[BRIEF] The required output is the line that contains "jugo natural frutos rojos leche" and every line after it, each written out exactly, up to the end of the entries.

##### RECORD SET

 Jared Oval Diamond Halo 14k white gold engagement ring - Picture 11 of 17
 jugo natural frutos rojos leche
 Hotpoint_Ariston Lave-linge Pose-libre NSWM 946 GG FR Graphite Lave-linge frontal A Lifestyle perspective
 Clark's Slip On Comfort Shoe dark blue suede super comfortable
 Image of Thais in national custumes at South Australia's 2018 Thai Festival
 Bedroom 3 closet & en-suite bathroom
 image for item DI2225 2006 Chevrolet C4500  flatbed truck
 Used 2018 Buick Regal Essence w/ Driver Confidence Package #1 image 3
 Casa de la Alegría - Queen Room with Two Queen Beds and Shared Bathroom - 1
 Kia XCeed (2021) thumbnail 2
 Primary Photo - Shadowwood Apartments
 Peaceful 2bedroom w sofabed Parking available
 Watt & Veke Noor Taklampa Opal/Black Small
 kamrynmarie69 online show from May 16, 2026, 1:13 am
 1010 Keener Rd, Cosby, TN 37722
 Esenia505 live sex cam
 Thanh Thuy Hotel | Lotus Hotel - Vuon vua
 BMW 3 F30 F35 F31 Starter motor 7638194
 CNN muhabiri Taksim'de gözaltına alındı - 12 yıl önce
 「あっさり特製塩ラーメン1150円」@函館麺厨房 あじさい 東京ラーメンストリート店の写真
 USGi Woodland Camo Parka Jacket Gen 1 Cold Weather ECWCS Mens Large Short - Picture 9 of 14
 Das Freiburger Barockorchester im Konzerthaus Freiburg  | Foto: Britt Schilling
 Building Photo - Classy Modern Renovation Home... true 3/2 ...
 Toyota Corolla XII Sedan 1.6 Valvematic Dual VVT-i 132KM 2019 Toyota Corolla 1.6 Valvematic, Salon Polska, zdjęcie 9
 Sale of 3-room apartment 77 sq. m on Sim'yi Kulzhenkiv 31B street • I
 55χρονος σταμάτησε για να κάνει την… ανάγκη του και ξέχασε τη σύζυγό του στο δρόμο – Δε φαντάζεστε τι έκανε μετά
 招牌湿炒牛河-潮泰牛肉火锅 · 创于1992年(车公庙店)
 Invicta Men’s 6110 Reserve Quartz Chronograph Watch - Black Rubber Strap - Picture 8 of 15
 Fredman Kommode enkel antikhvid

##########

[SOLUTION TO THIS EXERCISE]
 jugo natural frutos rojos leche
 Hotpoint_Ariston Lave-linge Pose-libre NSWM 946 GG FR Graphite Lave-linge frontal A Lifestyle perspective
 Clark's Slip On Comfort Shoe dark blue suede super comfortable
 Image of Thais in national custumes at South Australia's 2018 Thai Festival
 Bedroom 3 closet & en-suite bathroom
 image for item DI2225 2006 Chevrolet C4500  flatbed truck
 Used 2018 Buick Regal Essence w/ Driver Confidence Package #1 image 3
 Casa de la Alegría - Queen Room with Two Queen Beds and Shared Bathroom - 1
 Kia XCeed (2021) thumbnail 2
 Primary Photo - Shadowwood Apartments
 Peaceful 2bedroom w sofabed Parking available
 Watt & Veke Noor Taklampa Opal/Black Small
 kamrynmarie69 online show from May 16, 2026, 1:13 am
 1010 Keener Rd, Cosby, TN 37722
 Esenia505 live sex cam
 Thanh Thuy Hotel | Lotus Hotel - Vuon vua
 BMW 3 F30 F35 F31 Starter motor 7638194
 CNN muhabiri Taksim'de gözaltına alındı - 12 yıl önce
 「あっさり特製塩ラーメン1150円」@函館麺厨房 あじさい 東京ラーメンストリート店の写真
 USGi Woodland Camo Parka Jacket Gen 1 Cold Weather ECWCS Mens Large Short - Picture 9 of 14
 Das Freiburger Barockorchester im Konzerthaus Freiburg  | Foto: Britt Schilling
 Building Photo - Classy Modern Renovation Home... true 3/2 ...
 Toyota Corolla XII Sedan 1.6 Valvematic Dual VVT-i 132KM 2019 Toyota Corolla 1.6 Valvematic, Salon Polska, zdjęcie 9
 Sale of 3-room apartment 77 sq. m on Sim'yi Kulzhenkiv 31B street • I
 55χρονος σταμάτησε για να κάνει την… ανάγκη του και ξέχασε τη σύζυγό του στο δρόμο – Δε φαντάζεστε τι έκανε μετά
 招牌湿炒牛河-潮泰牛肉火锅 · 创于1992年(车公庙店)
 Invicta Men’s 6110 Reserve Quartz Chronograph Watch - Black Rubber Strap - Picture 8 of 15
 Fredman Kommode enkel antikhvid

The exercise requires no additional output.